Often, we feel we must do something to be worthy of God’s love for us, but Paul assures us that our faith is enough. Jesus was willing to sacrifice his life for us even before we had faith in him, so just as Paul assures the Christians in Rome thousands of years ago of Jesus’ love for them because of their faith in him, so too can we feel assured. Faith always comes first, and any good works that we do are an expression of that faith. They are not requirements to be loved by God.

  • Have you ever felt suffering for your faith? Do you feel this suffering has strengthened your faith and did you feel God was present with you in your suffering?
  • Are you convinced of God’s love for you? How can you convince others of this love?

Matthew 9:35-10:8

In this selection from the Gospel According to Matthew, Jesus is fulfilling his mission of teaching, preaching, and healing throughout the entire Galilean region of Israel. Motivated by compassion for the people whom he had realized were in great need of healing and leadership, and also realizing the task was too great for himself alone to fulfill, he gathers together twelve of his followers, representing the twelve tribes of Israel, to assist him in his task. He delegates his authority to them. These disciples were a diverse group from all walks of life and Jesus would often complain about the lack of faith shown by the apostles he had chosen, but nonetheless, they were faithful enough to accept the task Jesus had given them, even to the point of leaving their former lives behind and experiencing suffering. Jesus, in asserting his messiahship over his own people, while also knowing they were in great need of healing and spiritual guidance themselves, made the priority of his new apostles to go first to the Jewish people. They would provide healing to them and announce the coming of the Kingdom of God, for which John the Baptist had long been preparing them. However, while they were to accept whatever the people gave them to provide for their basic needs, they were not to request payment in the same way that Jesus himself had not requested payment from them. God’s unmerited, merciful love and healing were already payment in full.
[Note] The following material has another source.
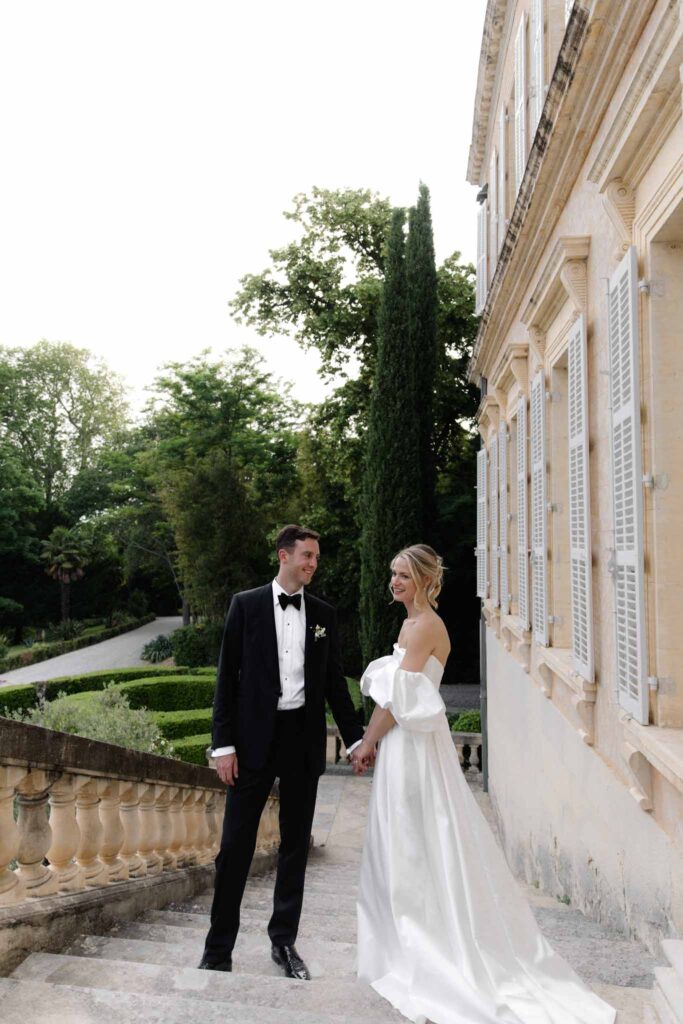 Chateau de Martinay Despinoy Wedding bride groom holding opposite hands looking each otherjpg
How often do our church communities expect leaders to fulfill the mission of the church while being unwilling to actively assist in this great task? Do we see simply attending church on Sundays and perhaps participating in a Bible study session as enough of a burden in our busy lives? If we do offer to assist, do we expect something in return, even payment, before we are willing to do it? As Jesus himself realized, while there is much to do and people are in great need of healing and spiritual guidance, there is an even greater need for all of us to actively assist in this work. Let us be generous with our time and talent, even if we believe our faith is insufficient for the task, and simply offer ourselves in faithfulness and allow God to work through us.

  • In what ways does your church community fulfill its mission in the world? Do the church members actively assist in this mission?
  • In what ways can you use your time and talent to assist in the mission of your church?


New Revised Standard Version Bible (2007). San Francisco, CA: HarperOne

New Living Translation Bible (2013). Life Application Study Bible. Carol Stream, Illinois: Tyndale House

New King James Version Bible (1997). The MacArthur Study Bible. Nashville, Tennessee: Thomas Nelson

Gary M. Burge, Andrew E. Hill, eds (2012). The Baker Illustrated Bible Commentary. Grand Rapids, MI: Baker Books

Daniel Hays, J. Scott Duvall (2011). The Baker Illustrated Bible Handbook. Grand Rapids, MI: Baker Books

Daniel Woods, a New Zealander, is a postulant from the Episcopal Diocese of Davao in the southern Philippines and a 2nd-year seminarian in the Master of Divinity program at St. Andrew’s Theological Seminary in Quezon City, Metro Manila. He has spent his entire adult life involved in various lay ministries in Anglican parishes from choir member to verger to vestry member and everything in between, and in several Anglican provinces: New Zealand, Japan, Korea, and now the Philippines. Daniel has a particular interest in Church History and a love for church music. During his two years as a seminarian he has most appreciated semester-long field education opportunities in a variety of church institutions including St. Luke’s Medical Center, Episcopal Care Foundation (Relief & Development), and Jigsaw Kids Ministry Philippines. Daniel has spent most of his working life in the education sector, including 7 years teaching English in Korean and Japanese public schools. He is a graduate of Victoria University of Wellington in New Zealand with a Bachelor of Commerce & Administration in International Business, a Bachelor of Arts with First Class Honors in International Relations, and a Graduate Certificate in Teaching English to Speakers of Other Languages.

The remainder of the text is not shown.